In order to protect these photographs properly they must be kept in archival conditions with controlled exposure to variables such as temperature changes, or decaying materials such as old plastics, Holland underlined, adding that finding archival quality storage materials to ensure that the photos remained in excellent condition for years to come presented “a challenge in Jordan”.
‘‘Essential items such as acid-free plastic sheets to store slides and transparencies are not available, so the team brings these from abroad regularly,’’ she emphasised.
The archivists also had to tackle a lack of professional photograph scanning, which they did by teaching “a series of project archivists who were in residence for six month-periods”, Holland explained.
The Jane Taylor collection at ACOR encompasses photography of the Arab region from the mid-1970s until the early 2000s, and includes subjects ranging from ancient archaeology to modern daily life, she said, adding that Taylor lived in Amman from 1989 to 2015, during which she wrote and photographed Jordan “prolifically, as well as travelled extensively around the region, photographing culturally significant subjects in Yemen, Turkey, Iraq, Saudi Arabia, Lebanon and Syria”.

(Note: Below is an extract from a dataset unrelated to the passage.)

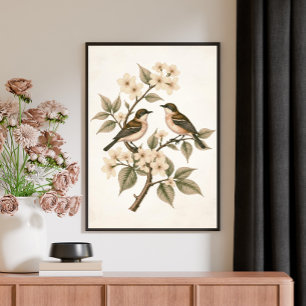Vintage Floral Birds Botanical Art Poster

“Taylor’s collection is characterised by a desire to tell exciting stories of people and places of times past, as well as of contemporary culture,” Holland emphasised.
Another collection follows the life of George Bass, a pioneer of nautical archaeology and director of the first archaeological expedition to entirely excavate an ancient shipwreck, according to Holland.
In 1973, he founded the Institute of Nautical Archaeology at College Station, Texas, Holland elaborated, adding that Bass’ collection offers ‘‘rare insight into famous heritage sites from over half a century ago, as well as the impressions and escapades of Bass as a young man travelling through the region in 1955-56, shared through his letters. Bass was travelling through the Mediterranean and the Arab region by boat, plane and bicycle’’.
‘‘Bass had a keen interest in archaeology, and his letters from the trip mention the promise of future digs by various experts in the field,” Holland said. “Whilst in Jordan, Bass attempted to travel to Petra, having been given a letter of introduction to the excavation director there at the time, William Foxwell Albright, who [later] described him as ‘one of my best students’.”
Because of flooding, he could not make it to Petra at the time, but he described some of the highlights of his journey, Holland said.
“Crawling through 3,000-year-old tunnels in the middle of the night and waist deep in water, bicycling from Jericho [the oldest walled city in the world] to the Dead Sea and back.”